Jews With Swords: Gentlemen of the Road by Michael Chabon

oie_19193039NDl2SGNtIn 2002, Michael Chabon edited a collection of retro-pulp stories titled McSweeney’s Mammoth Treasury of Thrilling Tales, filled with stories by both literary writers and genre writers. I found it underwhelming. What grabbed me, though, was Chabon’s cri de couer for a return to plot in fiction. And in so doing he wanted writers to be able to use whatever genres they wanted to tell whatever stories they wanted, without fear of being dismissed as no longer writing “literature.”

While he had by then written the superhero-themed novel Kavalier and Klay and the baseball and Norse Mythos mashup Summerland, he was known primarily as an author of literary fiction. From that point on, he threw himself deep into the waters of plot and genre. Since then, he’s written a Sherlock Holmes novella, The Final Solution, the Nebula- and Hugo-winning alternate history novel, The Yiddish Policeman’s Union, and the screenplay for John Carter.

In 2007, as part of his exploration of plot and genre, he wrote Gentlemen of the Road, an unabashed, fun-for-the-sake-of-fun swashbuckler.
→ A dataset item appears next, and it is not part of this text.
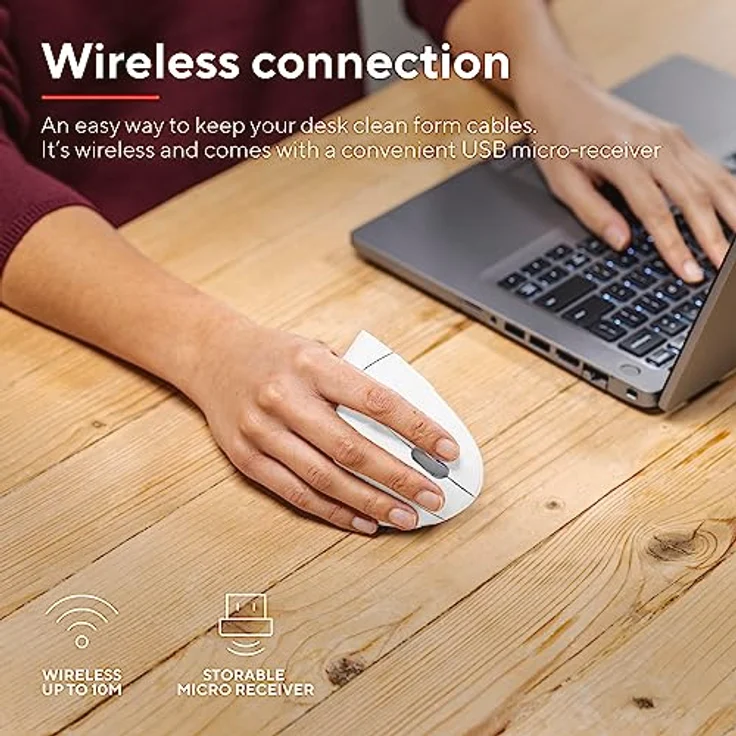 Trust Verto Kabellose Vertikale Maus, Wireless Ergonomische Maus, Vorbeugung Gegen Mausarm/Tennisarm (RSI Syndrom), 800-1600 DPI, Funkmaus für Rechtshänder, PC, Laptop, Mac, mit Batterien - Weiß – Bild 3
Hewing to its old roots, it was initially serialized in the New York Times Magazine. His working title and, as he writes, “in my heart the true” one, was Jews With Swords.

While he hoped to invoke memories of Jewish troopers at Antietam or Inkerman, or warriors like Bar Kochba and Judah Maccabee, most people found it too incongruous. But that incongruity, between Jews with swords and the modern steroptype of Jews as decidedly un-adventurous, was something Chabon wanted to explore. He notes that from their very begininning, when Abraham was told by God “lech lecha: Thou shalt leave home,” Jews have been wanderers and “by definition, find adventure.” In his own words, he “attempted to…find some shadowy kingdom where a self-respecting Jewish adventurer would not be caught dead without his sword or his battle-ax.”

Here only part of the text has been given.